TASK:
What you return must match the listing below exactly, minus any pictures.

EXERCISE DATA:
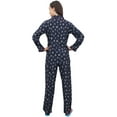 thumbnail image 4 of Bimba Navy Blue Button-Down Shirt With Pajama Pant 2 Pcs Night Wear Set - 4, 4 of 4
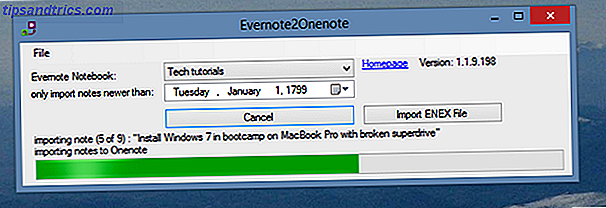 Evernote-eksport
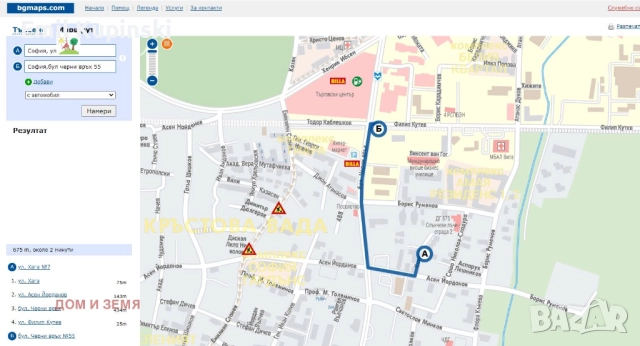 Дава под Наем 2-СТАЕН град София, Кръстова вада, снимка 5 - Апартаменти - 52817492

FINAL ANSWER:
 thumbnail image 4 of Bimba Navy Blue Button-Down Shirt With Pajama Pant 2 Pcs Night Wear Set - 4, 4 of 4
 Evernote-eksport
 Дава под Наем 2-СТАЕН град София, Кръстова вада, снимка 5 - Апартаменти - 52817492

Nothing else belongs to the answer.